BEGIN DATA RECORDS
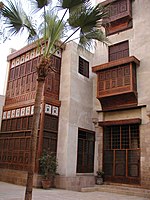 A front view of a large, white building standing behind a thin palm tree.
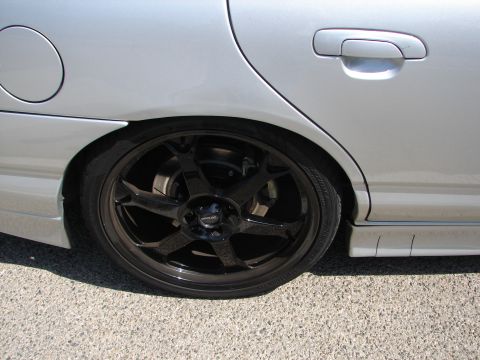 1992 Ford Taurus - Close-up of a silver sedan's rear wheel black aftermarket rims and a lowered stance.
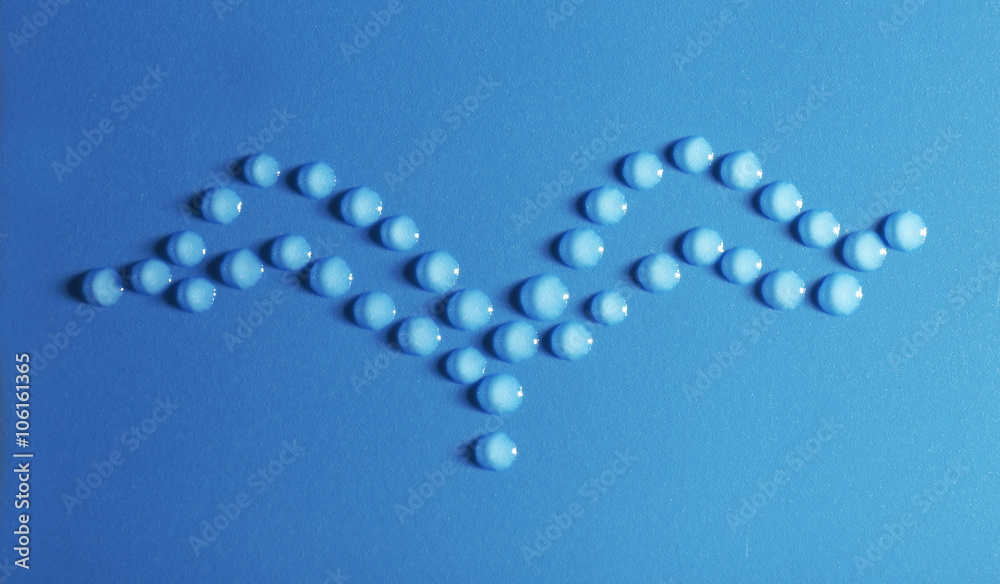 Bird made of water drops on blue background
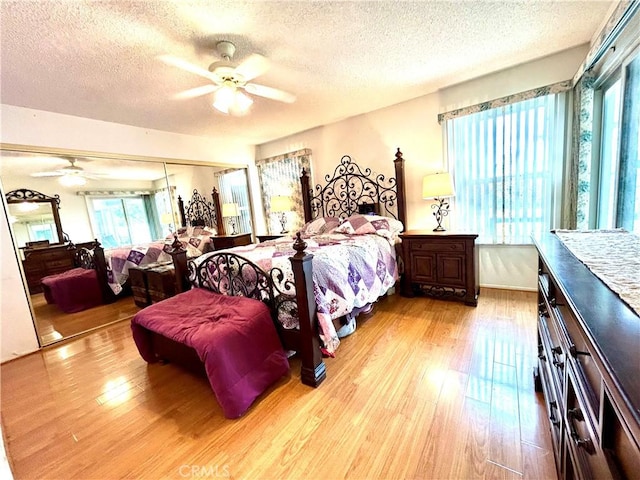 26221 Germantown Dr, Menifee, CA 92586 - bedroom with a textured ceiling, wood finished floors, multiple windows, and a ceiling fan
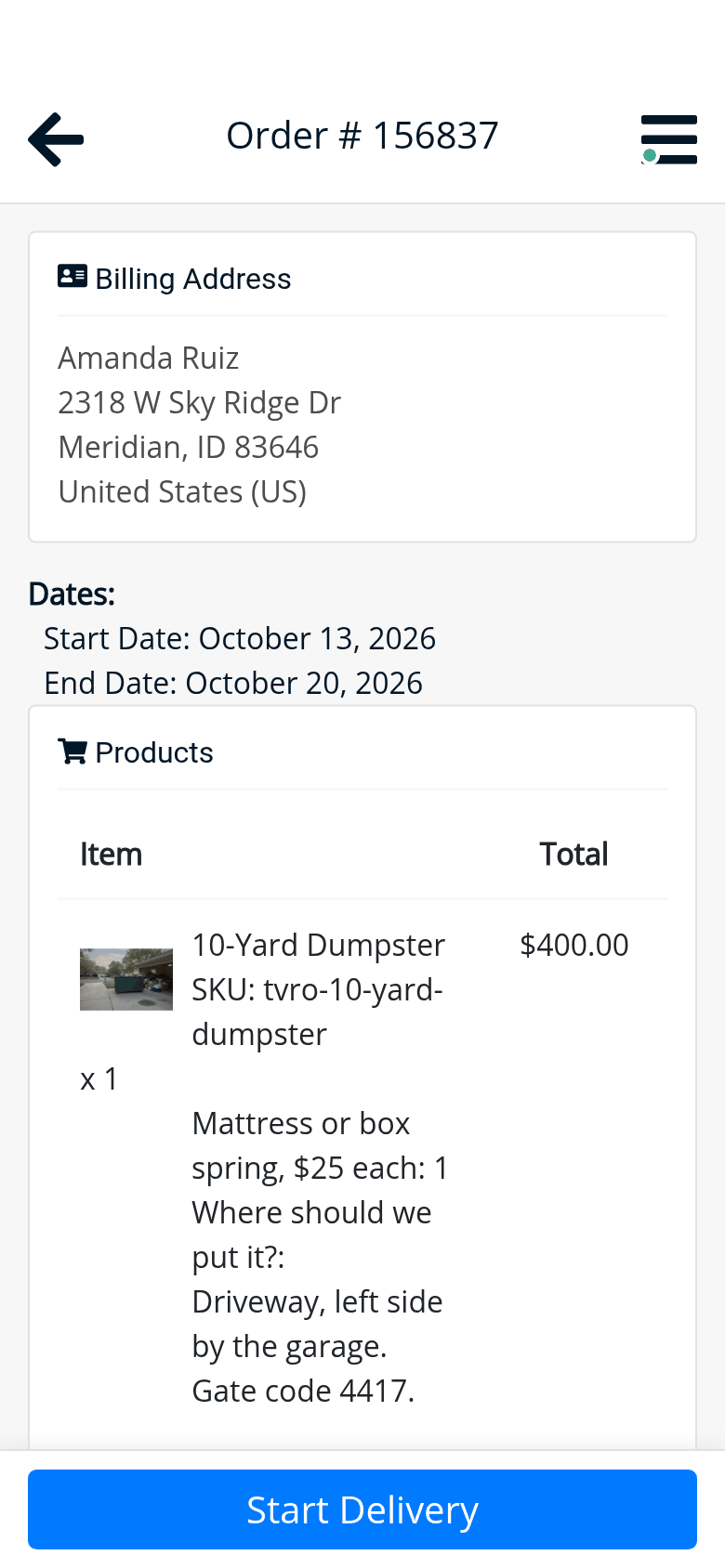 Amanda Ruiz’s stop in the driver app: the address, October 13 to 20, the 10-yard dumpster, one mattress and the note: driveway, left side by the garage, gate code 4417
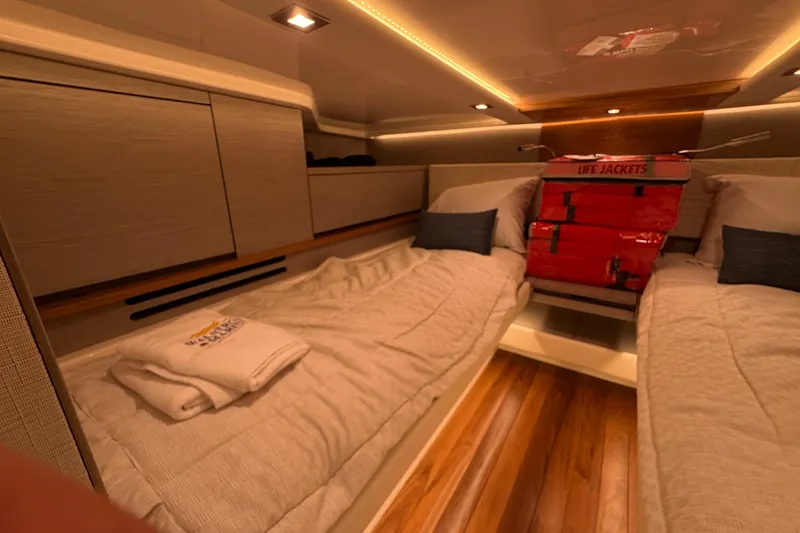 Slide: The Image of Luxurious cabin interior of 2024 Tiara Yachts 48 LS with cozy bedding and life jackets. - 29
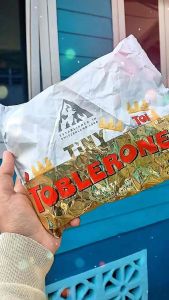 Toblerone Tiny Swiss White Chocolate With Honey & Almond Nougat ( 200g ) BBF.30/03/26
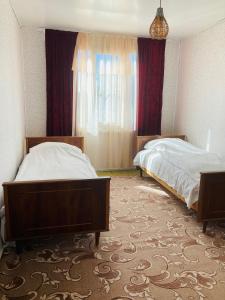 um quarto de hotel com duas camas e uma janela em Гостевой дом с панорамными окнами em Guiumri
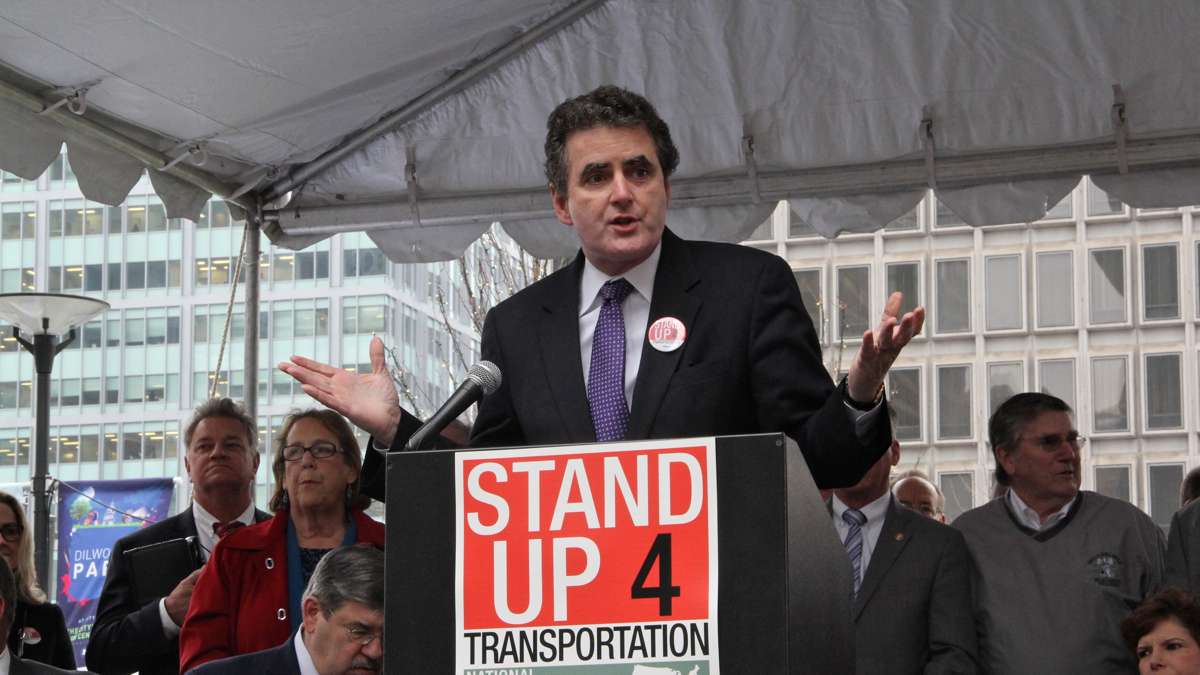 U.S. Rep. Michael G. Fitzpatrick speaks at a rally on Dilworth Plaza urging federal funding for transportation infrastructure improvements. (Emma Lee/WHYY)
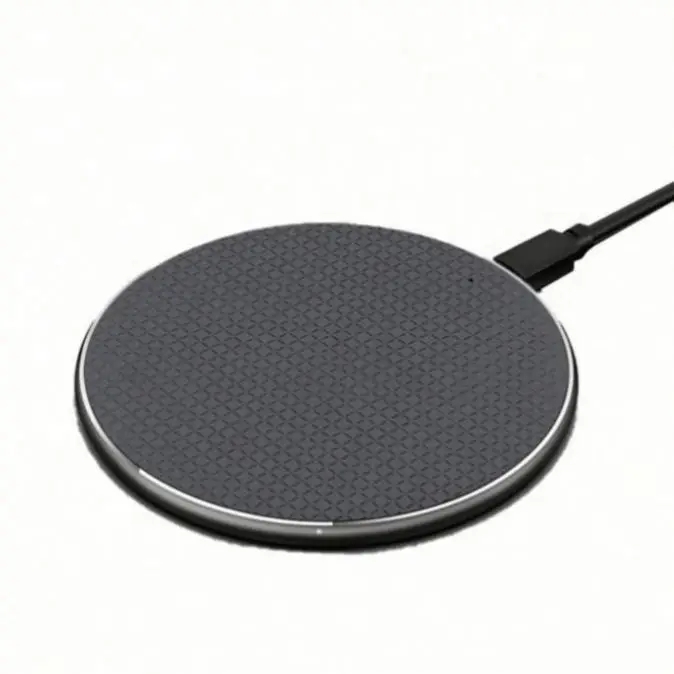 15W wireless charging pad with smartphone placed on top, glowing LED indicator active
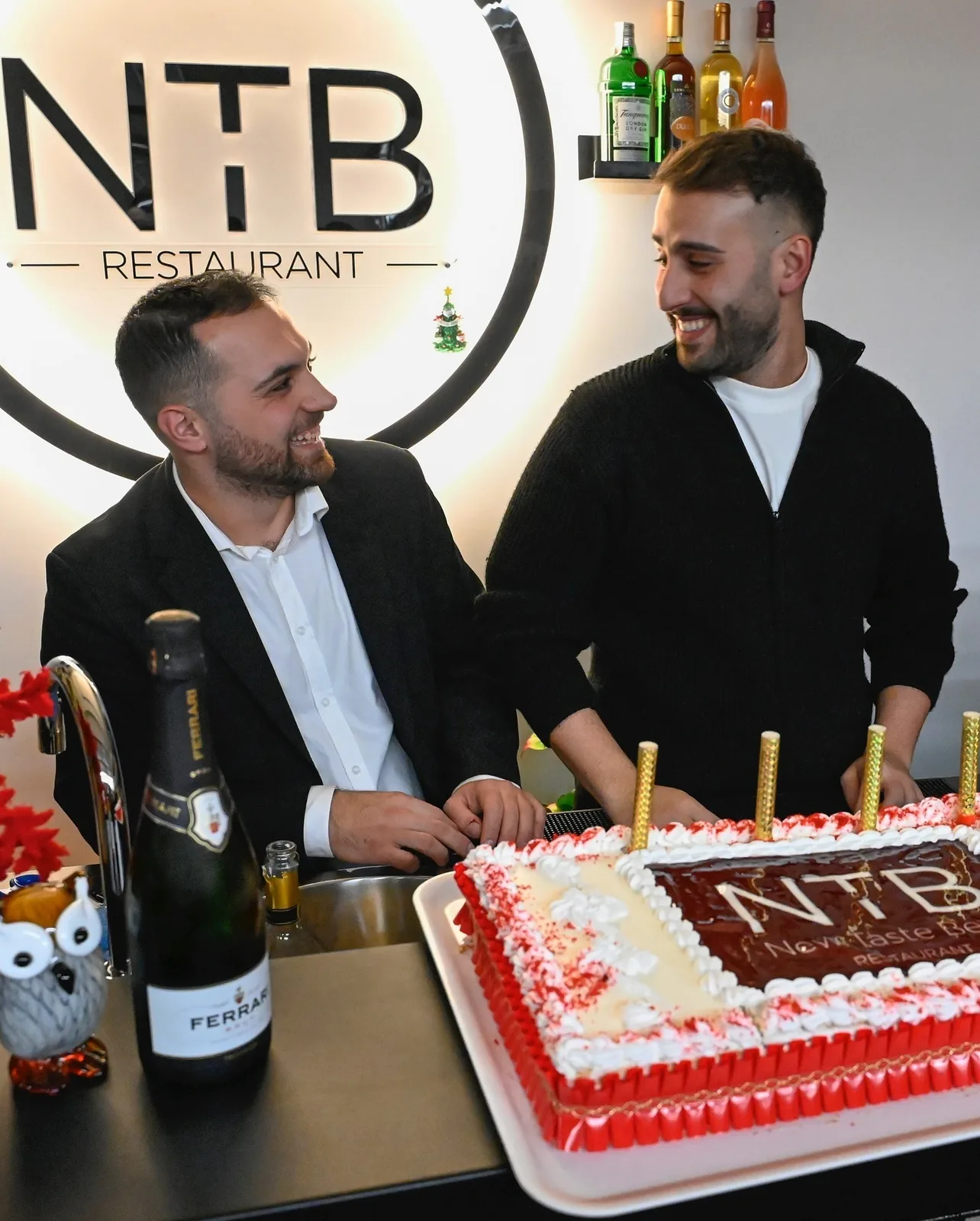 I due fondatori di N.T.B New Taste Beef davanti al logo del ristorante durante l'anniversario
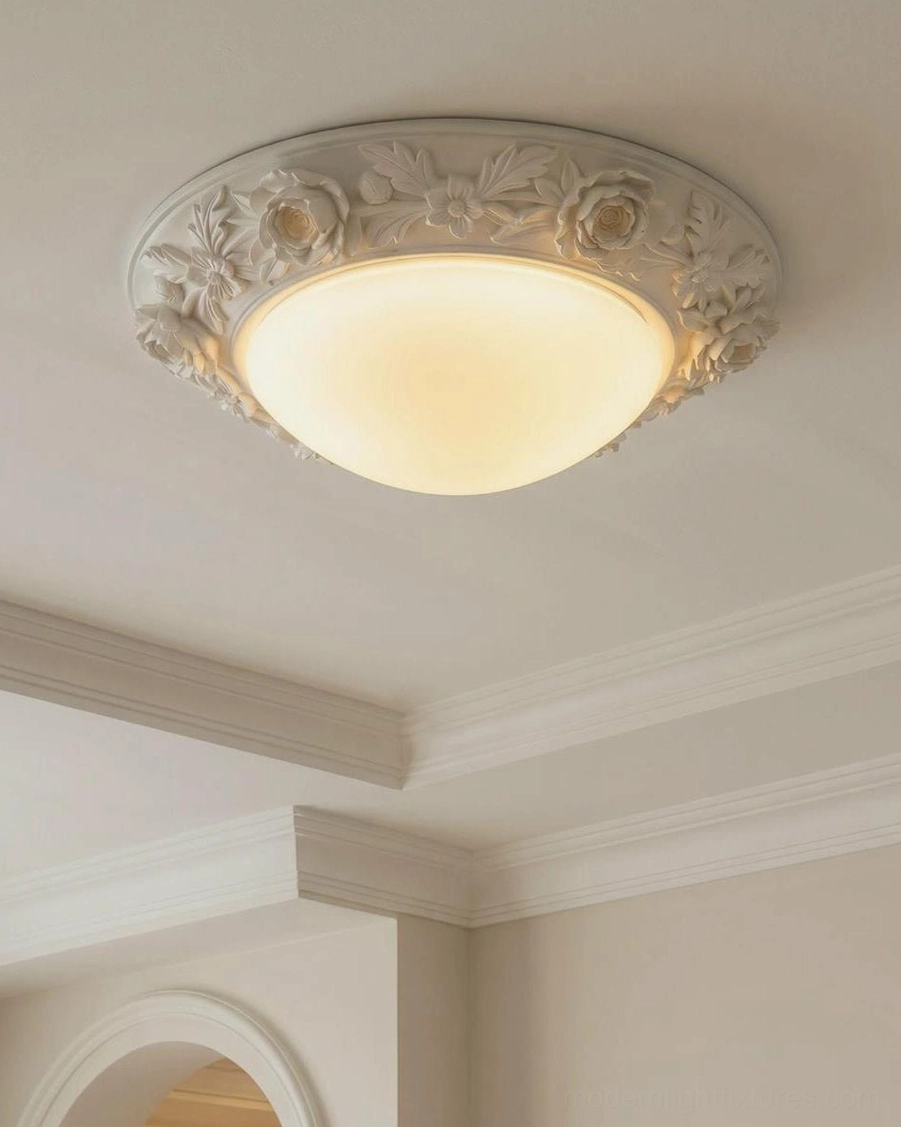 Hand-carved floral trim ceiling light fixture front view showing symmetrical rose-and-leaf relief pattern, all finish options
END DATA RECORDS
> **TRY IT**: Word for word, repeat the lines of data above, omitting every picture.

> **EXERCISE OUTPUT**:
 A front view of a large, white building standing behind a thin palm tree.
 1992 Ford Taurus - Close-up of a silver sedan's rear wheel black aftermarket rims and a lowered stance.
 Bird made of water drops on blue background
 26221 Germantown Dr, Menifee, CA 92586 - bedroom with a textured ceiling, wood finished floors, multiple windows, and a ceiling fan
 Amanda Ruiz’s stop in the driver app: the address, October 13 to 20, the 10-yard dumpster, one mattress and the note: driveway, left side by the garage, gate code 4417
 Slide: The Image of Luxurious cabin interior of 2024 Tiara Yachts 48 LS with cozy bedding and life jackets. - 29
 Toblerone Tiny Swiss White Chocolate With Honey & Almond Nougat ( 200g ) BBF.30/03/26
 um quarto de hotel com duas camas e uma janela em Гостевой дом с панорамными окнами em Guiumri
 U.S. Rep. Michael G. Fitzpatrick speaks at a rally on Dilworth Plaza urging federal funding for transportation infrastructure improvements. (Emma Lee/WHYY)
 15W wireless charging pad with smartphone placed on top, glowing LED indicator active
 I due fondatori di N.T.B New Taste Beef davanti al logo del ristorante durante l'anniversario
 Hand-carved floral trim ceiling light fixture front view showing symmetrical rose-and-leaf relief pattern, all finish options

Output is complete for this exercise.